- Sire: Bull Lea
- Grandsire: Bull Dog
- Dam: Blue Delight
- Damsire: Blue Larkspur
- Sex: Filly
- Foaled: 1949
- Country: United States
- Colour: Bay
- Breeder: Calumet Farm
- Owner: Calumet Farm
- Trainer: Horace A. Jones
- Record: 15 Starts: 12 – 1 - 0
- Earnings: $261,822

Major wins
- Kentucky Oaks (1952) Beldame Stakes (1952) Coaching Club American Oaks (1952) Modesty Handicap (1952) Beverly Handicap (1952) Black-Eyed Susan Stakes (1952) Cleopatra Stakes (1952) Ashland Stakes (1952) Arlington Matron Handicap (1953)

Awards
- American Champion Three-Year-Old Filly (1952) DRF American Champion Female Handicap Horse (1952)

Honours
- U.S. Racing Hall of Fame (1987)

= Real Delight =

American-bred Thoroughbred racehorse

Real Delight (1949–1969), was an American Thoroughbred race horse.

==Background==
She was bred by the famous Calumet Farm of Lexington, Kentucky. Her sire was one of America's foundation stallions, the influential Bull Lea (sire of seven Hall of Famers, including his other great daughters: Two Lea, Bewitch, and Twilight Tear). Her dam was the stakes-winning Blue Delight (10 wins out of 24 starts) out of Blue Larkspur, a racehorse Blood-Horse magazine considered number 100 in its list of the Twentieth Century's greatest racehorses.
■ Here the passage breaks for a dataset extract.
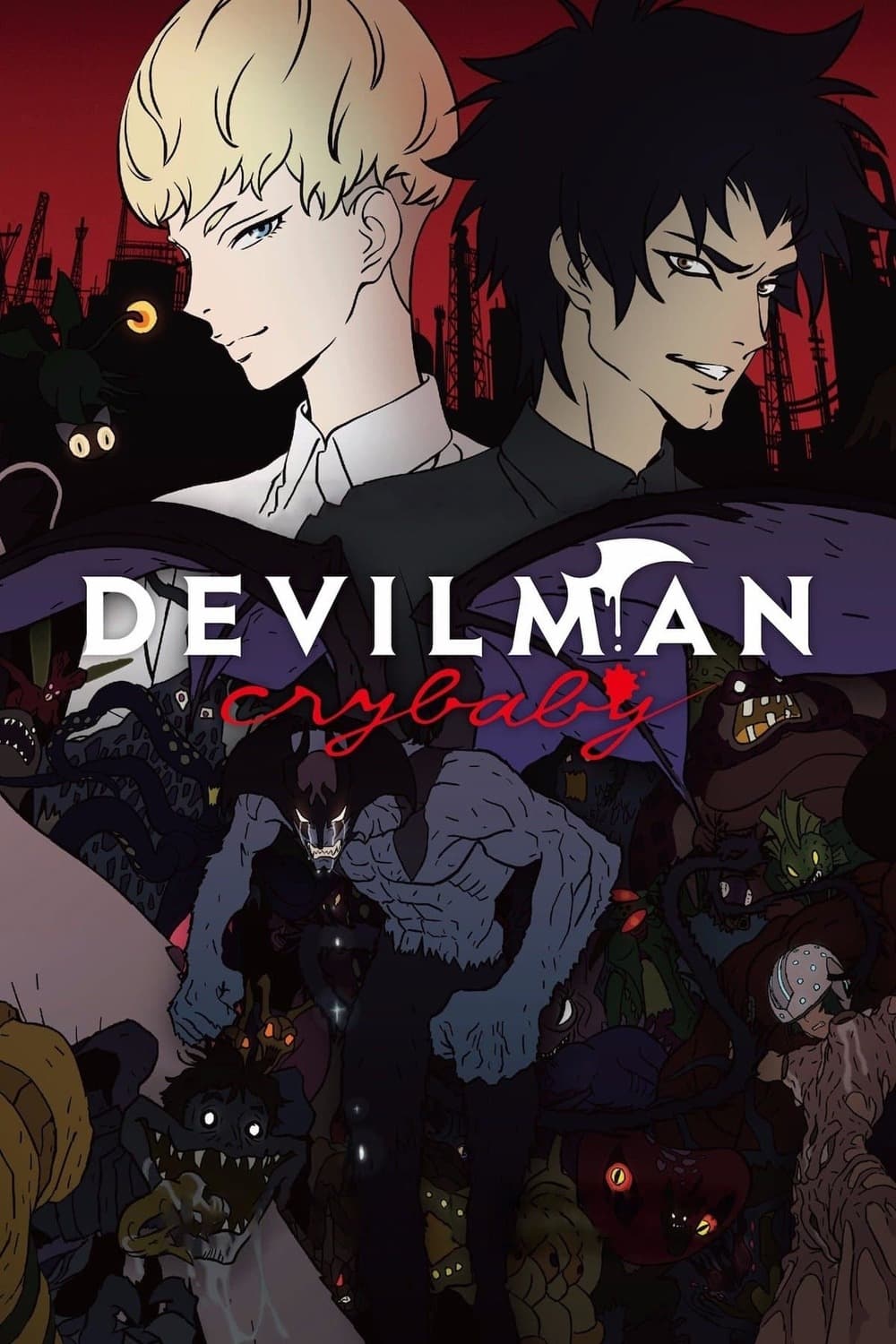 انمي Devilman: Crybaby مترجم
Real Delight was a huge, rangy filly, standing 17 hands. Throughout her second year, she was bothered by a bad knee and did not race as a two-year-old. A Calumet horse, she was trained by Hall of Famer Horace A. Jones. Horace had become the head trainer by the birth of Real Delight while his father, Ben A. Jones, became Calumet's general manager.

==Racing career==
At three, Real Delight won eleven of twelve starts. She began in combination races, meaning mixed fields of claimers and allowance runners, but quickly stepped up in class after two easy wins. Her first stakes victory came in the Ashland Stakes, followed by her only loss at three, and the only time she competed against males. Even so, at a sprint distance of six and one half furlongs not suited to her long legs, she closed fast, losing by only a head. Often ridden by the Hall of Fame jockey Eddie Arcaro, she then took eight stakes in a row, including the Kentucky Oaks, Coaching Club American Oaks, Black-Eyed Susan Stakes (once known as the Pimlico Oaks), Ashland Stakes, Modesty Handicap, and Beldame Stakes.
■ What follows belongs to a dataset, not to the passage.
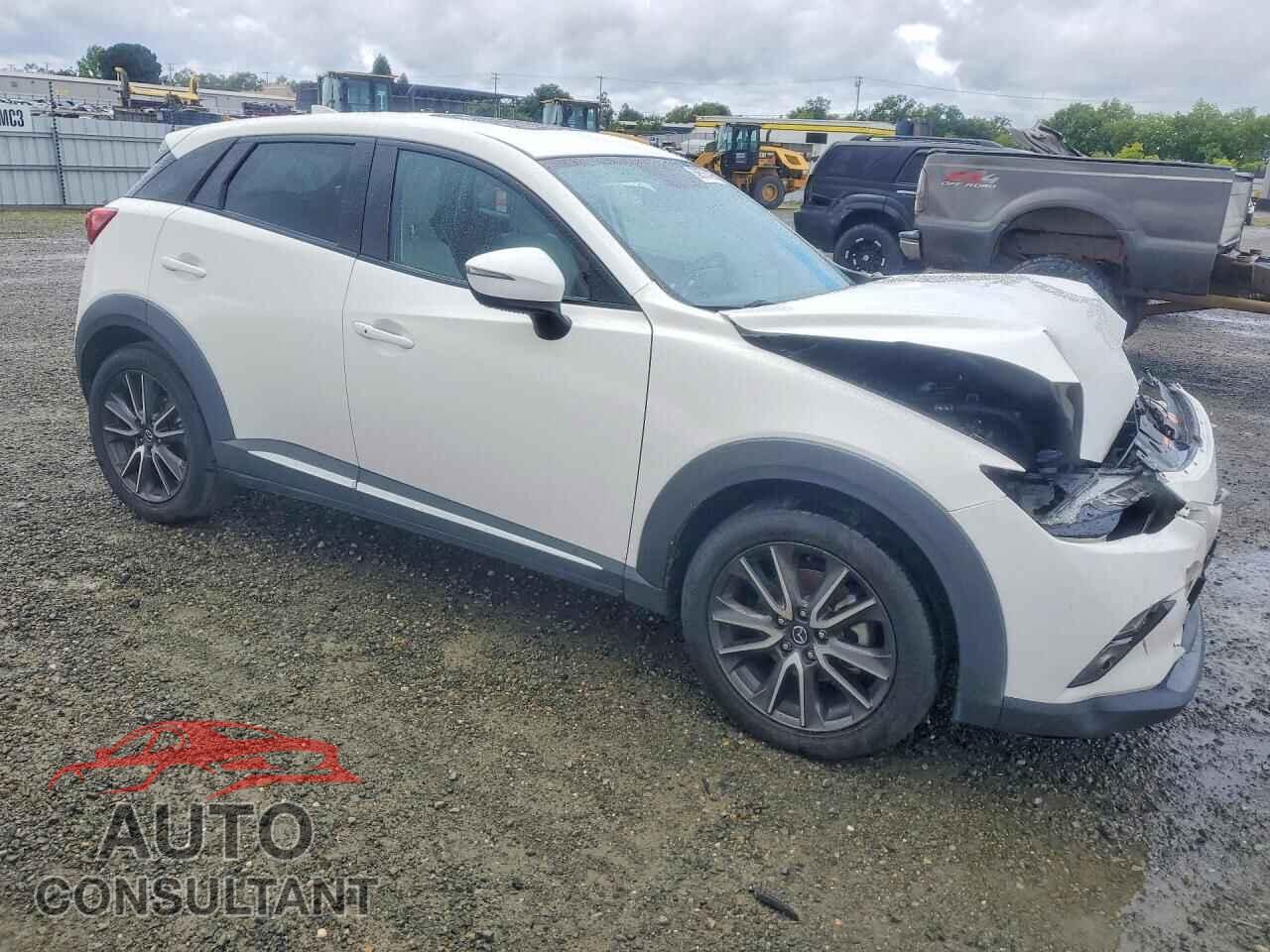 MAZDA CX-3 2017 - JM1DKFD79H0166230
By winning the Kentucky Oaks, the Black-Eyed Susan, and the CCA Oaks, she was the second filly to win this early version of the Triple Crown for fillies. The only filly to do so before her was Wistful. (Today's Triple Tiara of Thoroughbred Racing consists of the Acorn Stakes, the Mother Goose Stakes, and the CCA Oaks.)

In 1952, Real Delight was voted the United States Champion Three-Year-Old Filly, and took the Daily Racing Forms award for United States Champion Female Handicap Horse in competition with older fillies and mares.

At four, she won the Arlington Matron Handicap carrying top weight, just as she did in all of her other four-year-old races.

==Retirement==
She retired that year, going back to Calumet, where she foaled three stakes winners, eventually becoming the third dam of Alydar. Real Delight was inducted into the Hall of Fame in 1987.